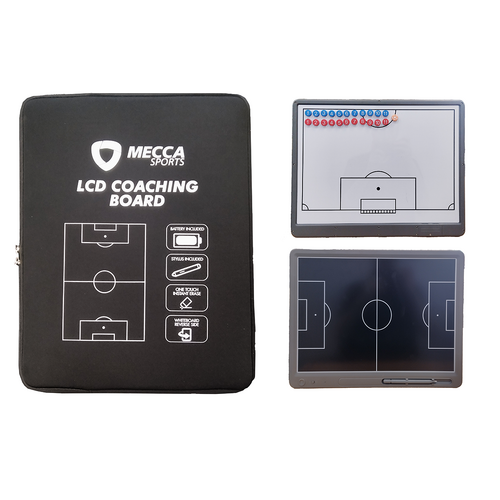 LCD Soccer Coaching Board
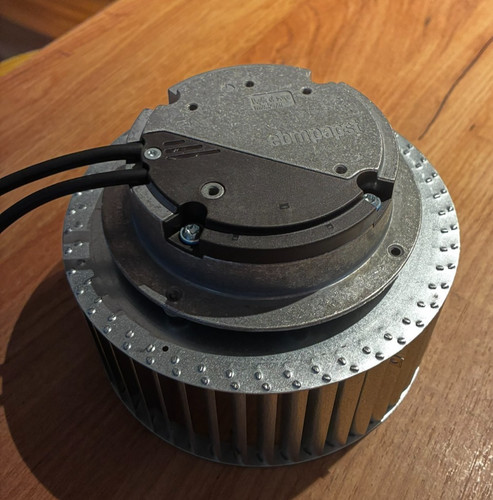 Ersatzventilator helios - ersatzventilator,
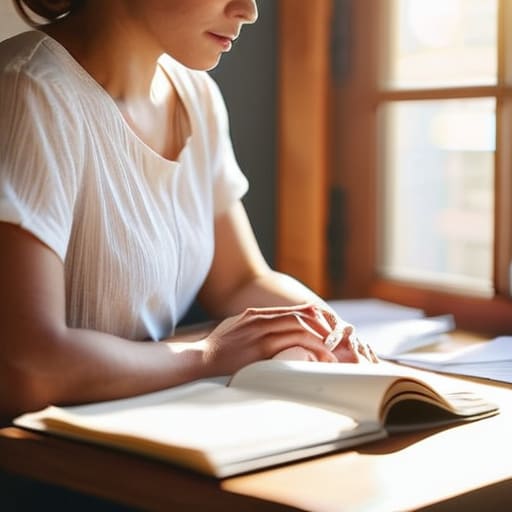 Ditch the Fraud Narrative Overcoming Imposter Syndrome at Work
=====
Try it
Apart from the images, please copy every line of the data exactly as written.

Solution to this problem
 LCD Soccer Coaching Board
 Ersatzventilator helios - ersatzventilator,
 Ditch the Fraud Narrative Overcoming Imposter Syndrome at Work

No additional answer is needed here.